United States District Court, N.D. Illinois, Eastern Division

January 8, 2018

GEORGE CHARLES, Plaintiff,
v.
CITY OF CHICAGO, et al., Defendants.

          MEMORANDUM OPINION AND ORDER

          John Robert Blakey United States District Judge.

         This matter concerns the detention and treatment of Plaintiff George Charles during a police search of his neighbor's home. Plaintiff initiated this action against Defendant Officers and the City of Chicago in January 2016 and asserts the following claims: (I) Excessive Force and Failure to Intervene, in violation of 42 U.S.C. § 1983; (II) Battery; (III) False Arrest and Failure to Intervene, in violation of § 1983; (IV) False Imprisonment; (V) Supervisory Liability under § 1983; (VI) liability for the City of Chicago under state indemnification law; and (VII) respondeat superior liability for the City. [1]. Defendants seek summary judgment with respect to Defendants Lieutenant Wiberg and Officers Uldrych and Barango on Counts I and II; summary judgment for all defendants on Counts III and IV; summary judgment for Lieutenant Wiberg on Count V; and summary judgment for the City of Chicago on Counts VI and VII to the extent that any underlying claims are disposed of. [36]. For the reasons stated below, Defendants' motion is granted in part and denied in part.

         I. Background

         On May 19, 2014, Defendants Lieutenant Wiberg and Officers Ortiz, Skarupinski, Barango, and Uldrych (Defendant Officers) executed a search warrant in Chicago, Illinois. DSOF ¶ 9.[1] Plaintiff resided next door to the target address. Id. ¶ 13. The two homes form one structure with a shared front porch; two concrete walkways lead up to the two front doors across the otherwise undivided front yard, and separate driveways lead past each side of the building toward a backyard. [44-2]; [38-5] at 19. When Defendant Officers arrived to execute the search warrant, Plaintiff was on his property, working on his car. DSOF ¶ 13. Plaintiff was either in his backyard or in his driveway, but in any event Plaintiff was underneath his car and unaware of the search until Defendant Officer Skarupinski approached him. See Id. ¶ 13, 15; [38-5] at 20.
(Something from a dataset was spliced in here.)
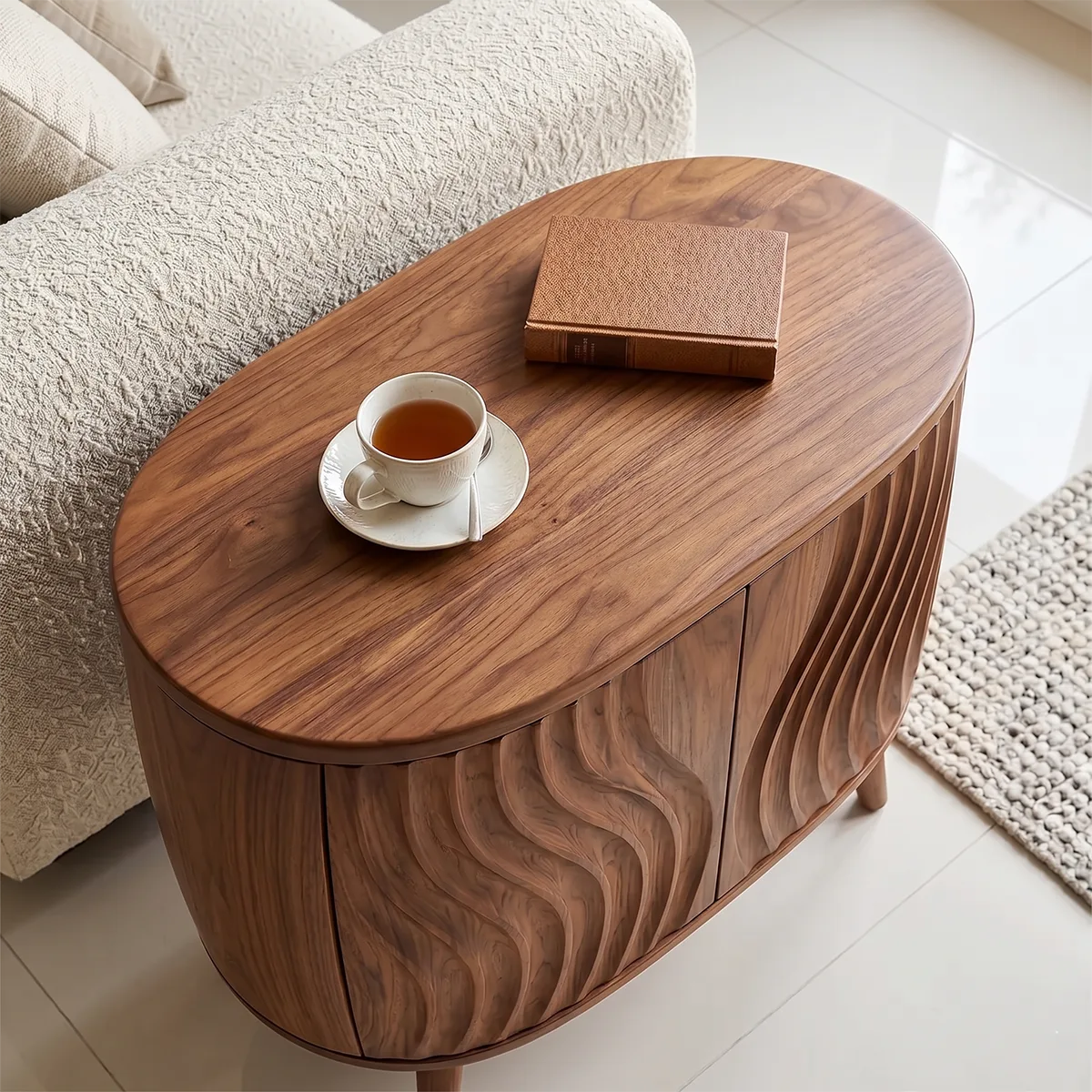 Round Sculptural End Table with Concealed Storage Cabinet TH003-3235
         Officer Skarupinski was establishing a security perimeter around the target of the search warrant. DSOF ¶¶ 11, 12, 14. Police officers executing a search warrant establish a perimeter for the safety of the officers and any bystanders. Id. ¶ 11; [38-4] at 5. The perimeter includes at least “the four corners” of the target location, and in this case such perimeter covered the front yard, both driveways, and the back of the building. DSOF ¶ 12; [38-4] at 5-6. Skarupinski knew that the building contained two residences but he considered Plaintiff's property to be within the perimeter because the two homes were within one structure. DSOF ¶ 12; R. PSAF ¶ 3. The parties agree that when Skarupinski arrived, Plaintiff was not violating any laws. R. PSAF ¶ 4. From this point forward, the majority of material facts are disputed.
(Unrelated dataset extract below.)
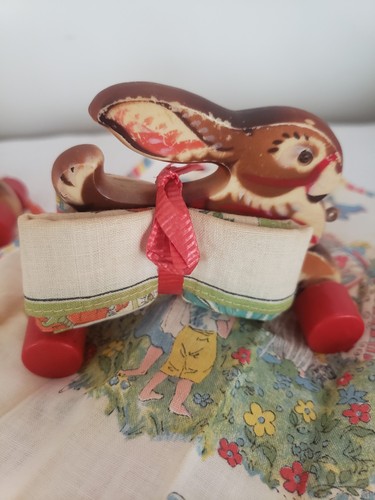 Vtg HANDKERCHIEF Hankies Hanky Hankie Child's w/ TOY BUNNIES Bunny Antique - Picture 3 of 10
         Plaintiff asserts that-with his head under the car-he asked who was in his yard and received no response. R. DSOF ¶ 15. He says he then looked out from under the car and saw Officer Skarupinski with his gun already drawn. Id. The parties agree that Skarupinski told Plaintiff about the search warrant, and that Plaintiff replied that his home was not the target address. R. PSAF ¶¶ 7-8. Plaintiff claims that Skarupinski then grabbed him by the collar, pulled him to his feet, and handcuffed him tightly; when Plaintiff complained of his discomfort, Skarupinski told him to “shut the fuck up” and tightened the cuffs further. PSAF ¶¶ 10-14; R. DSOF ¶ 15. Defendants admit that Skarupinski “may have been the officer to handcuff Plaintiff, ” R. PSAF ¶ 11, but otherwise deny any roughness. According to Defendants, Plaintiff became angry and profane with Officer Skarupinski, which presented a safety risk in the context of establishing a security perimeter and executing a search warrant. DSOF ¶¶ 10, 16, 18, 19.

         Officer Skarupinski next brought Plaintiff around to the front of the house, at which point Plaintiff admits raising his voice at Skarupinski. PSAF ¶ 18. Out front, Plaintiff's next-door neighbors had also been detained and a “large crowd of people was gathering.” Id. ¶ 20; DSOF ¶ 21. Plaintiff was left handcuffed in the front yard for between 20 and 45 minutes. R. PSAF ¶ 22. Plaintiff states that he was in pain from the handcuffs throughout this period. PSAF ¶¶ 20-25.

         At this point, another disputed altercation occurred. Officer Ortiz had been searching the target home, but went out to the front yard where Officer Barango had apparently called for assistance. DSOF ¶ 23. Around this time, Lieutenant Wiberg also approached Plaintiff, who admits that he shouted at Wiberg and “told him shut the F up and that he wanted his handcuffs removed and the officers to get off his property.” R. DSOF ¶ 30. Plaintiff states that the officers were profane in response. PSAF ¶ 30. Wiberg then ordered the officers to put Plaintiff in a squad car. R. DSOF ¶ 31. Plaintiff admits that he refused to go and resisted being taken to the car. R. DSOF ¶¶ 34, 36. According to Plaintiff, Officers Ortiz, Uldrych, and Skarupinski then choked, punched, and kicked him before dragging him to the squad car. PSAF ¶¶ 31, 34-40.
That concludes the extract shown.